Unfortunately, 84% of mobile users who have conducted mobile transactions have problems. The Harris study also revealed that more adult mobile users are frustrated by a bad mobile experience (58%) than by going to the DMV (50%) or by being stuck in traffic (56%).

How do consumers respond to a bad mobile experience?

  • 43% say they would abandon the transaction and try again later on a computer
  • 16% would be more likely to buy from a competitor
  • 12% would abandon the transaction and try a competitors mobile site
  • 63% would be less likely to buy from the same company via other purchase channels

The last statistic should be a resounding wake-up call to all brands.  By delivering a bad mobile experience, you are risking more than half your potential customer base.  This loss would not be from a site or a particular store, but from an overall loss of brand fans, regardless of location.

So what is a mobile neglectful brand supposed to do?  Here are three key recommendations to help save your brand from being tossed into the mobile consumer trash bin:

  1. Invest immediately in mobile development.  This does not mean convert a few pages of your site o fit in the size of a mobile screen, but to make it a true mobile website.  Make it as easy for a consumer to conduct all of the same operations on your site from their mobile device as they  would on a desktop.
  2. Engage paid mobile search traffic.
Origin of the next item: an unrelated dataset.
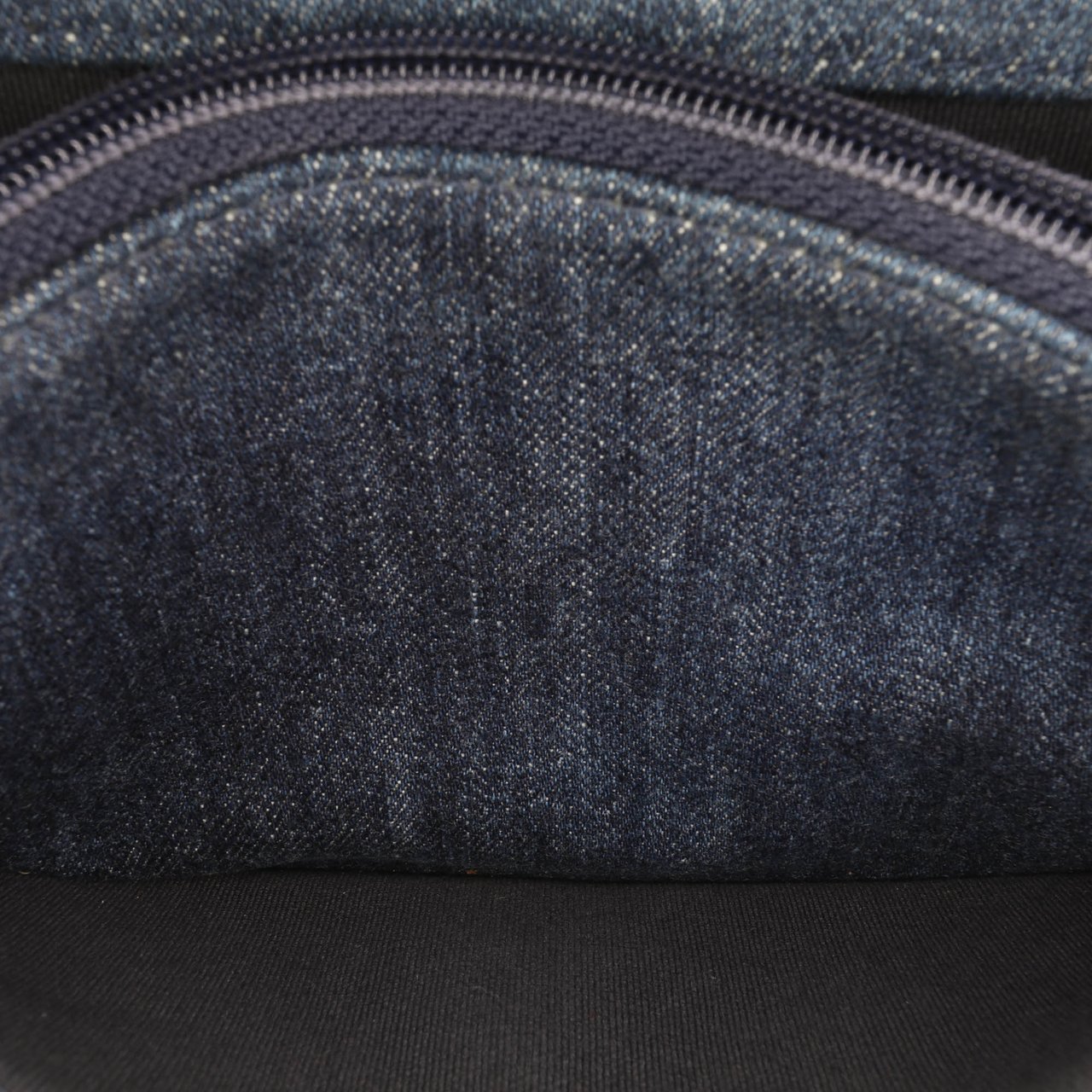 Chanel Denim 19 Flap Wallet On Chain Blauw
If you currently engage in PPC advertising and are a retailer with physical locations, you can still capture those paid clicks by activating click- to -call paid search ads.  These ads only show the phone number as clickable, not the URL, so you can capture those clicks with a call to your locations.
  3. Enhance presence on sites with ready mobile presence. Many directory, review and social sites are mobile-ready.  Retailers with large local presences can optimize the traffic of these secondary sources to mobile searchers.  Ensuring business listings are optimized, reviews are addressed and social commentary is replied to will go a long way in driving mobile traffic through the doors.

By the way, the gentlemen in the mall who was teaching his phone to fly did finally make his purchase.  He went to a competitor of the original store, at the other end of the mall.